*** GIVEN RECORDS Section Begins ***

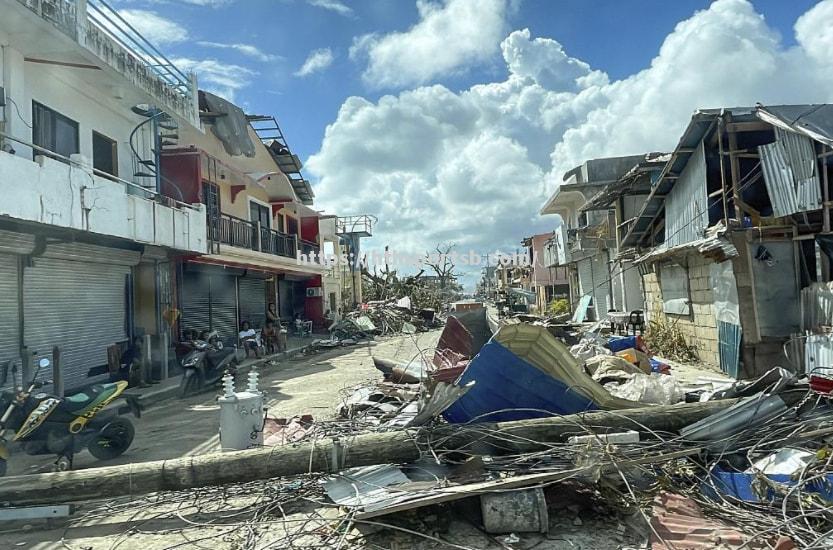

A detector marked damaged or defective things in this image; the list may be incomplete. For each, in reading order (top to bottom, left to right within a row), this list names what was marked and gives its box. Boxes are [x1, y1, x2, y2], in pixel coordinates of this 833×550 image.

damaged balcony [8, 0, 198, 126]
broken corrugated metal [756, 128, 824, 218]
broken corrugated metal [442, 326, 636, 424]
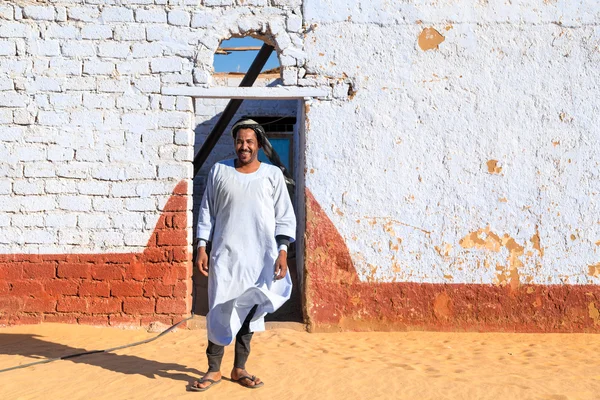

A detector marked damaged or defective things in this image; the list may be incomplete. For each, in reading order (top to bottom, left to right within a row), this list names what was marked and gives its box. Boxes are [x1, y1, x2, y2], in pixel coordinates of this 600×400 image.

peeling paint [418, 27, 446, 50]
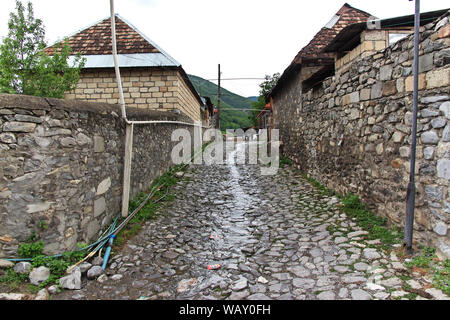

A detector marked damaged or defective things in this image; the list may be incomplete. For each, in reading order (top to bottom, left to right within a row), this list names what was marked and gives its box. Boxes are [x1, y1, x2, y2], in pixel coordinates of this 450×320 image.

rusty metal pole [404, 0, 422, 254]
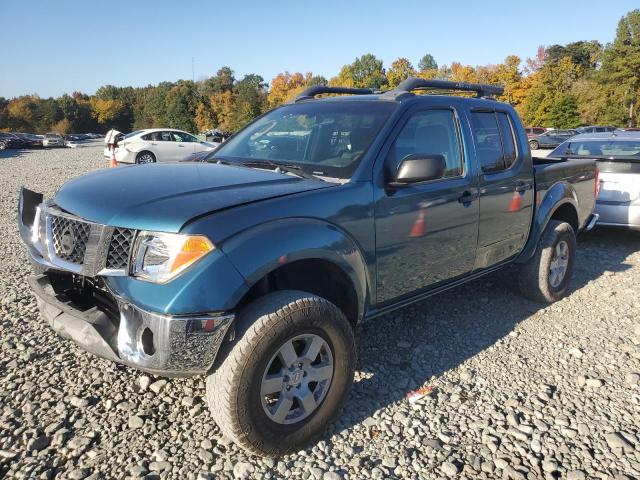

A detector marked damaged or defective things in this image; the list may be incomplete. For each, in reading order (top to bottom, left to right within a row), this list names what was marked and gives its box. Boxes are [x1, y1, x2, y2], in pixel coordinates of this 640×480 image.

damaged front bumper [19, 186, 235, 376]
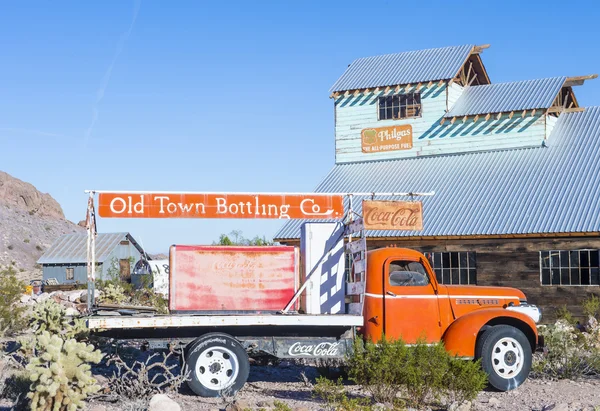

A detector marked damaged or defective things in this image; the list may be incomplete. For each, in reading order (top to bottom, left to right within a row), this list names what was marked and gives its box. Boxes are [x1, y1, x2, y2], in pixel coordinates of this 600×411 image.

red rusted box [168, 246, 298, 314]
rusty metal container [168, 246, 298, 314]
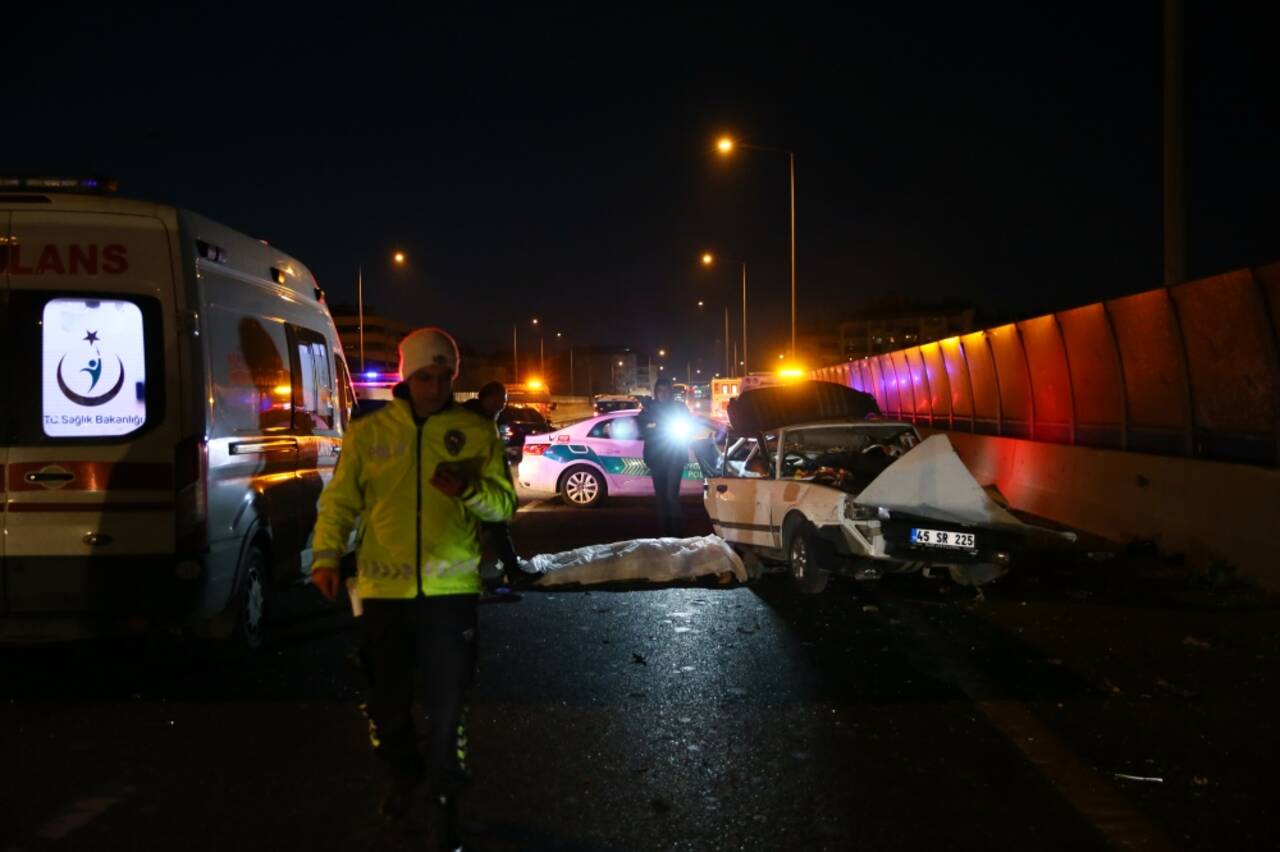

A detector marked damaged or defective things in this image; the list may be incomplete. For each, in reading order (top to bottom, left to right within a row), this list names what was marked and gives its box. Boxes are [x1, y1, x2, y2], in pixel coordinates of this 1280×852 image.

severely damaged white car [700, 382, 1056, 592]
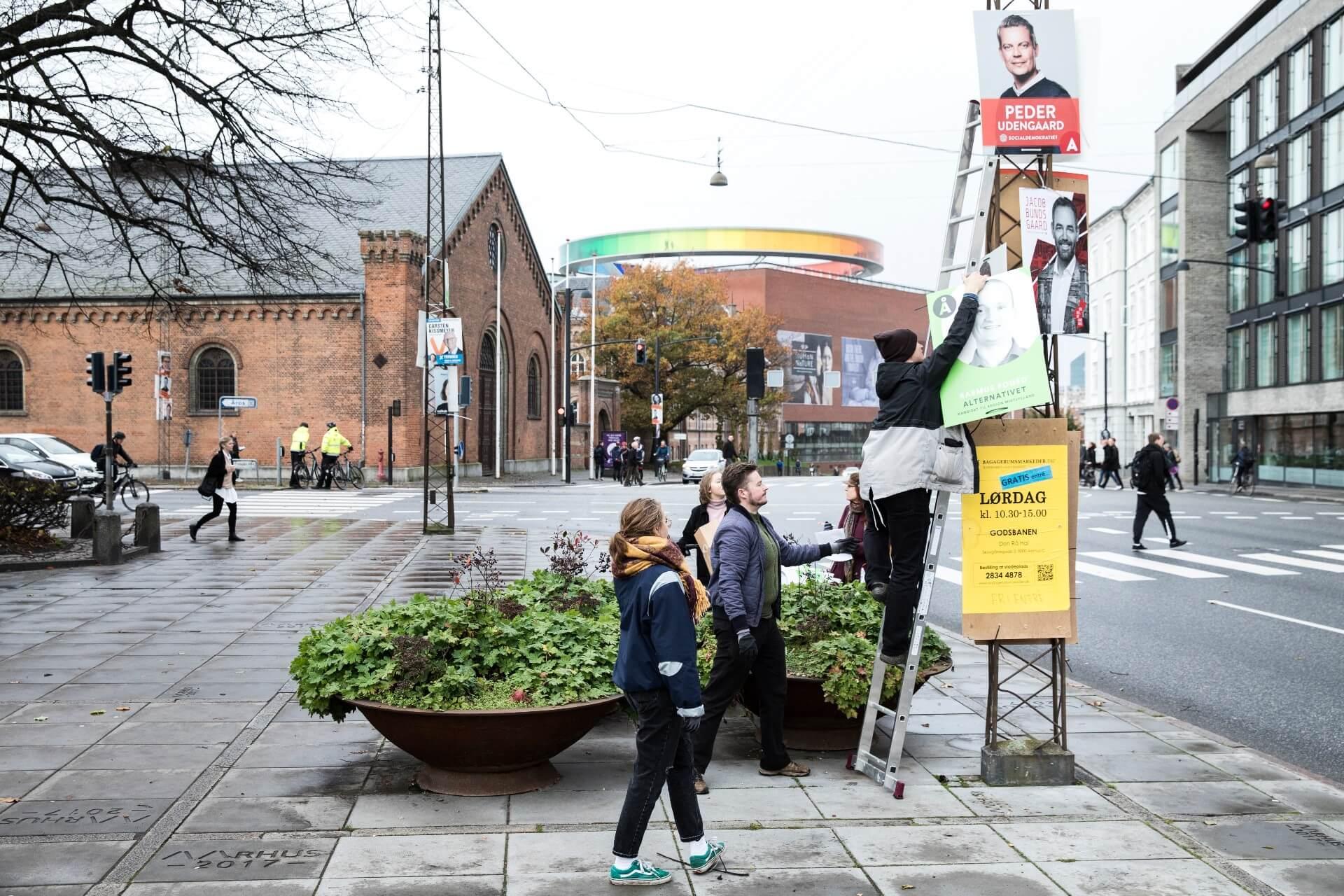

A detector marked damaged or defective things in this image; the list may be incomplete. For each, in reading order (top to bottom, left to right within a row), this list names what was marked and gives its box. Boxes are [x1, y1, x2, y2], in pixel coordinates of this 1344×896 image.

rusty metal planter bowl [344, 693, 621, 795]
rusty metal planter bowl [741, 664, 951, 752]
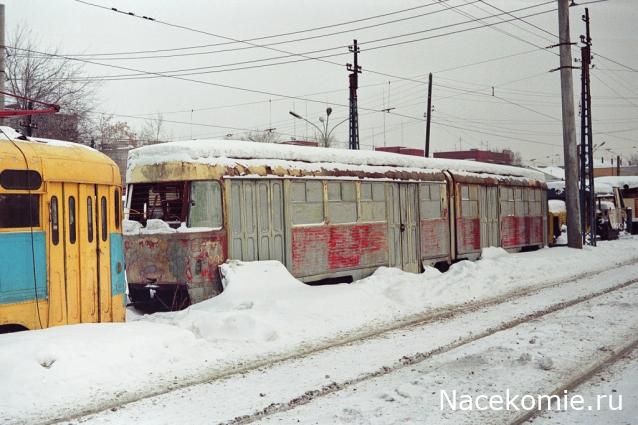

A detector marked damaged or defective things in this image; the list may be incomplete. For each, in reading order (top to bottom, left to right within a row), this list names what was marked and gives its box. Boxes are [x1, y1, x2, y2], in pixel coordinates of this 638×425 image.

*** GIVEN RECORDS Section Ends ***

Write out exactly the lines from the one containing "this 1280×852 image." to the last line of the records above, both included, and leave out any pictures.

### ANSWER FOR THIS EXERCISE
A detector marked damaged or defective things in this image; the list may be incomplete. For each, in reading order (top to bottom, left to right within a row), this list names what was marked and gives its box. Boxes are [x1, y1, x2, y2], in pixel coordinates of this 1280×852 image.

severely damaged white car [700, 382, 1056, 592]

A detector marked damaged or defective things in this image; the list may be incomplete. For each, in reading order (top to bottom, left to right within a row), this list names what was marked and gives its box. Boxes are [x1, y1, x2, y2], in pixel coordinates of this 1344×896 image.

rusty metal planter bowl [344, 693, 621, 795]
rusty metal planter bowl [741, 664, 951, 752]

A detector marked damaged or defective things in this image; the list may be incomplete. For each, in reading order (top to bottom, left to right within a row), this list names what was marked and gives its box. Boxes are [x1, y1, x2, y2], in pixel coordinates of this 638×425 image.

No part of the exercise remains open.